Now, let me just make one other point. I'm encouraged by the movement to standards in the three and a half years since you had your last summit here, and you should be, too. That's a rather astonishing move. And it shows what can happen if you meet in an environment where you've got business and education and the political leadership working together, and Republicans and Democrats leave the party labels at the door, and everybody just works on what's good for the kids.
But this is the hard part. It's not an accident that we've gone from 16 to 50 standards and 11 to 16 in genuine accountability. It's hard. But you also can take a lot of pride in the fact that you have evidence, even in big urban areas with a lot of trouble, where this has worked. And the consequences are good.

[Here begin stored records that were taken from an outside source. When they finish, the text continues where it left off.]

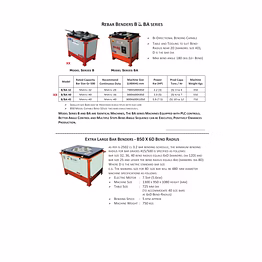 rebar equipment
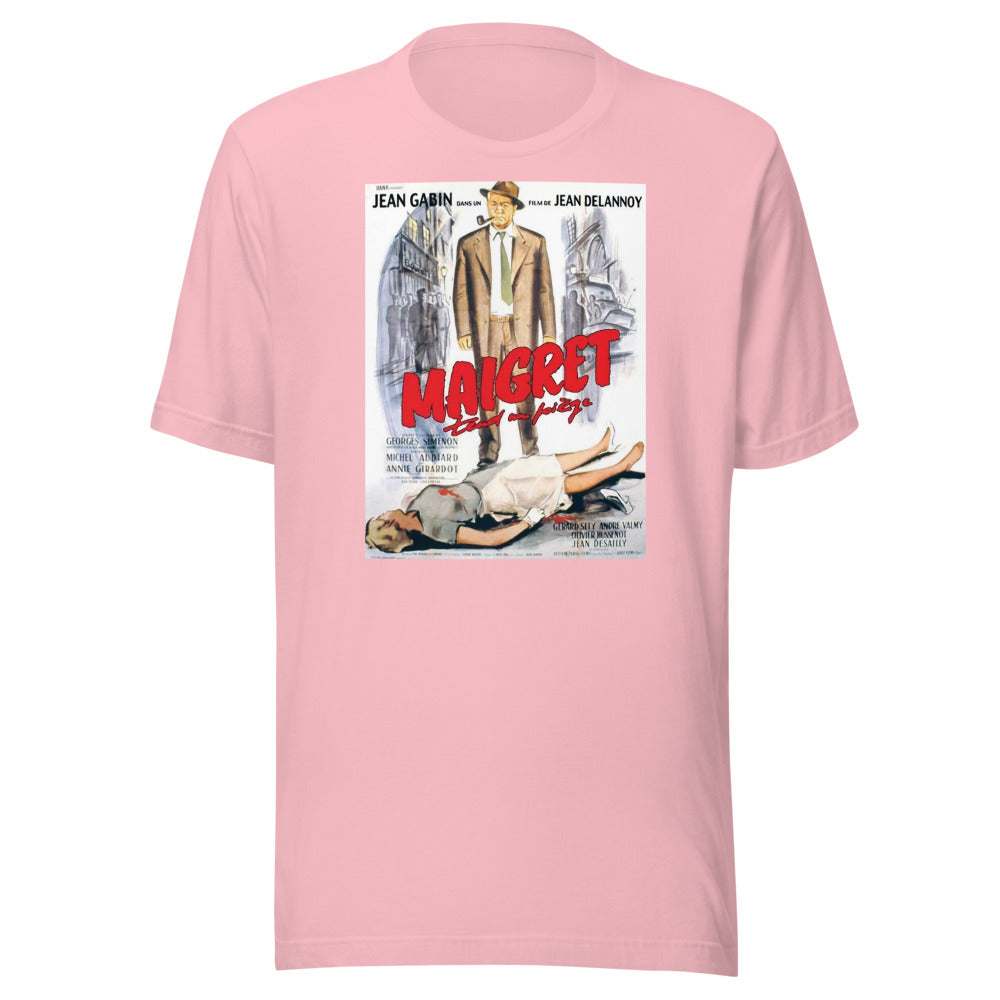 Tee-shirt femme — Maigret tend un piège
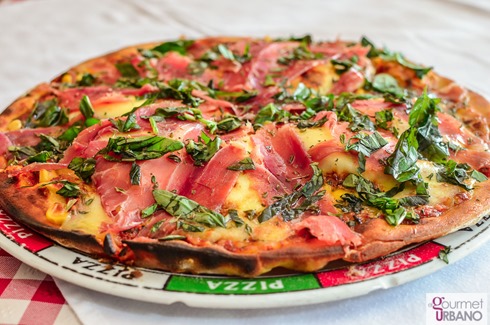 Il Divo Restaurant: Pizza Il Divo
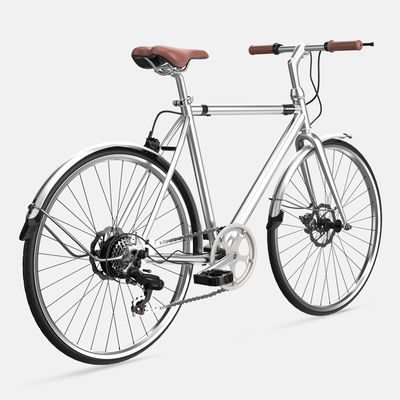 40-milowy miejski rower elektryczny dojazdowy, wstępnie zmontowany miejski rower elektryczny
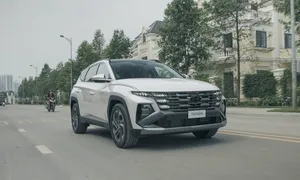 Hyundai Tucson 2024 lộ diện tại Việt Nam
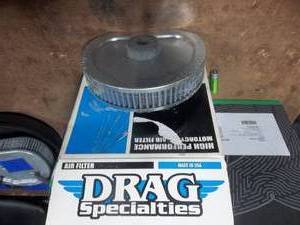 lot 1 image: New Air Filter Fits Harley Davidson (See Photo For Fit)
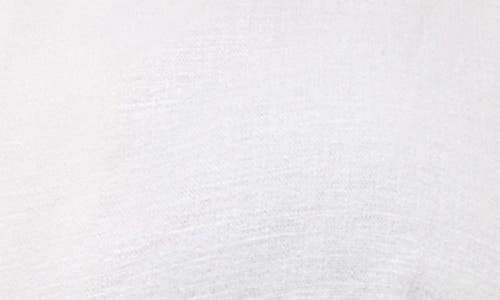 BDG URBAN OUTFITTERS BDG URBAN OUTFITTERS LACE-UP LINEN BLEND TOP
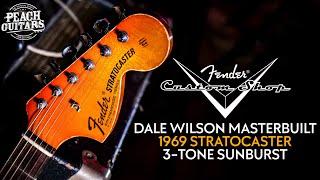 John Goes Jimi! | Dale Wilson Masterbuilt '69 Stratocaster!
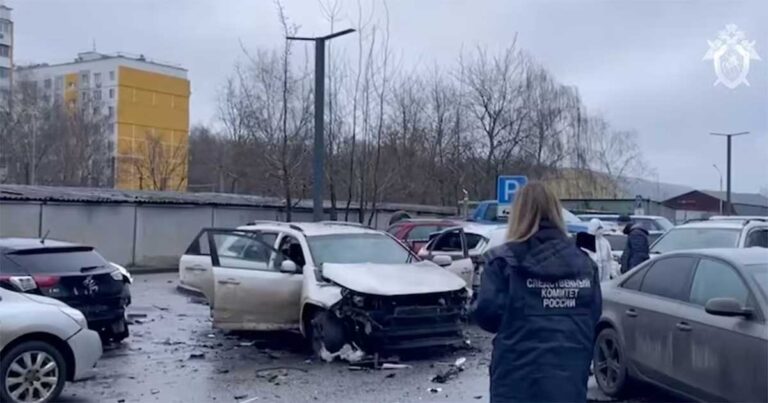Dua Hari Setelah Pembunuhan Jenderal Rusia, Dua Polisi Tewas di Dekat Lokasi di Moskow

Now, last February when the governors were in the White House, I just noted that it took 100 years for laws mandating compulsory-free elementary education to spread from a few states to the whole nation. When it comes to this accountability agenda, will we follow the model of the last three and a half years with standards, and go from 16 to 50 in a hurry, or will we go back to the model of the earlier time? I think all of you know what we ought to do.
And I will say again, I think the fact that we have the largest number of children in our public schools in history, I think the fact that they are more diverse than ever before in terms of their backgrounds and their languages is a godsend for us for the 21st century in a global society -- if, but only if, we prove not only that they can all learn, but that we can teach them all. We know they can all learn from -- you can do a brain scan and determine that. That's always been -- that's the wrong question. The question is, can we teach them all, and are we prepared to do it, and are we prepared to have constructive compassion for their present difficulties by having genuine accountability and also heartfelt support.
The reason that there is still so much enthusiasm for all this after -- 10 years after the Charlottesville Summit, 16 years after the Nation at Risk, 20 or 30 years after all the Southerners figured out that it's the only way to lift our states out of the dirt -- is that everybody knows that deep down inside it's still the most important public work.